Robot Localization is the process by which the location and orientation of the robot within its environment are estimated. The process used for this purpose is the particle filter. This particle filter-based algorithm for robot localization is also known as Monte Carlo Localization. Unlike other filters, such as the Kalman filter and its variants, this algorithm is also designed for arbitrary non-Gaussian and multi-modal distributions. Instead of using a parametric form of distribution, we use the non-parametric samples-based representation where the set of particles represent the hypothesis of where the robot might be. This is a Bayes filter with which the localization is performed.
Description of the particle filter localization algorithm
Given a floor plan of the cyclic environment of the robot where the robot is located, it has to perform global localization. It has no clue where it is and needs the sensor measurements to find out where it is. The robot uses range sensors to find the distances to its landmarks to obtain a good posterior distribution of its location. The particle filter is used with thousands of particles, giving a discrete random guess of where the robot might be. The state is defined with an X-coordinate, Y-coordinate, and a heading direction which comprises a single guess. So the set of all the thousands of guesses together represents the approximation for the posterior of the robot.
In the beginning, the particles are uniformly spread. The particle filter retains the particles in proportion to how consistent they are with the true measurements and discards the remaining particles.

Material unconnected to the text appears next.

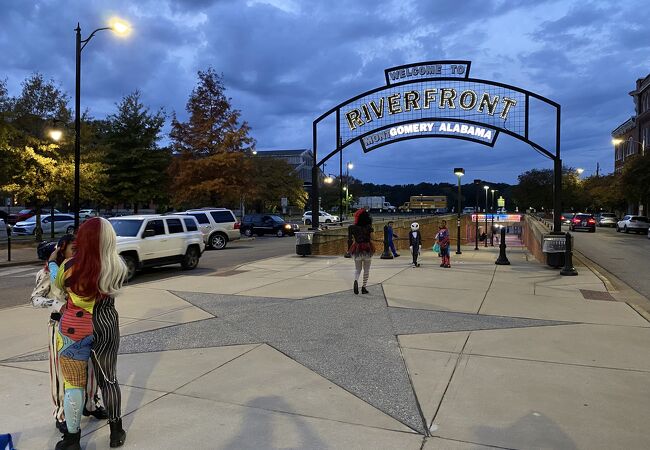 リバーフロント パーク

Thus the characteristic of the particle filter is to hone in on the right particles, which makes them survive, and the rest of them don't survive through the algorithm. Therefore the poses of high probability will have more particles cluster around a single location, and so they more accurately represent the robot's posterior belief

Robot Localization Particle Filter
Let's now dive into how this is programmed in MATLAB. The robot is located in a 2-dimensional area, and it can see 4 different landmarks. So the process of making such a robot is straightforward, and all that needs to be done is to call the function 'robot' and assign it to a variable. The set command assigns the robot's pose with x, y, and heading direction in radians, and then the robot is made to move with the move command.

Robot heading
The next thing to be done is to generate the measurements using the sense command, which obtains the distances to the four landmarks. The class robot has built-in noise variables such as forward noise, turn noise, and sensor noise, and these are set using a class method. The next method is written for the measurement probability. This takes a measurement and describes how plausible that measurement is. The measured distances to the landmarks comprise the measurement vector of the robot. The particle filter comprises the set of 1000 random guesses as to where the robot might be, which is structured as explained earlier. When the function 'robot' is called and assigned to a particle, the X, Y, and orientation(heading) are initialized randomly, and 1000 such particles are created using an iteration.
The motion of these particles is simulated by assigning the motion parameters for each of these particles and is done similarly to the robot motion. The full recursion of motion update is done to the entire particle set. The next part of the process has the particle hypothesizing on the robot's coordinates and heading direction. Suppose a particle incorrectly predicts the robot pose. The measurement vector is applied to this particle and compared with the actual measured distances to the landmarks. It will be taken as an unlikely particle. The mismatch of the actual measurement with the predicted measurement leads to what is known as importance weights, which measure how important that particle is. So weights are accordingly calculated for each particle, and the probability that the particle is retained in the next sampling step will be proportional to its weight. Then the process of resampling with replacement is done by randomly drawing N new particles independently from this set of particles in direct proportion with the importance weights, i.e., the sampling probability is proportional to the importance weights. After the resampling phase, only the more consistent particles with the sensor measurements survive with a higher probability, and the rest of them would die out.
Thus this creates a cluster of particles around the region of the higher posterior probability. In the code, the importance weights are assigned to the particles depending on the likelihood of the measurement, and the resampling is implemented. The function that implements the calculation of how likely the measurement is, uses a Gaussian, which measures how far the predicted measurements of the particles are from the true measurements of the robot. Then the resampling algorithm is done. The particles with higher probability are drawn more frequently into the next data set than those with lesser probability. This process is done with an algorithm that picks particles in proportion to the fraction of the circumference that it spans by what is known as the resampling wheel. The details of the resampling algorithm by the resampling wheel method are not in the scope of this blog. This implementation is not domain-specific and is generic and easy to program for any application. So this generates a set of co-located particles after the resampling step instead of having a completely random set of particles.
For the first location, the distances to the landmarks are invariant of the orientation. But from the subsequent locations, the orientation will also play a role after the robot moves from the initial position since the measurements to landmarks will be different for different initial orientations. It is assumed the environment is cyclic, i.e., what this means is that the robot will eventually revisit the area that it has already explored.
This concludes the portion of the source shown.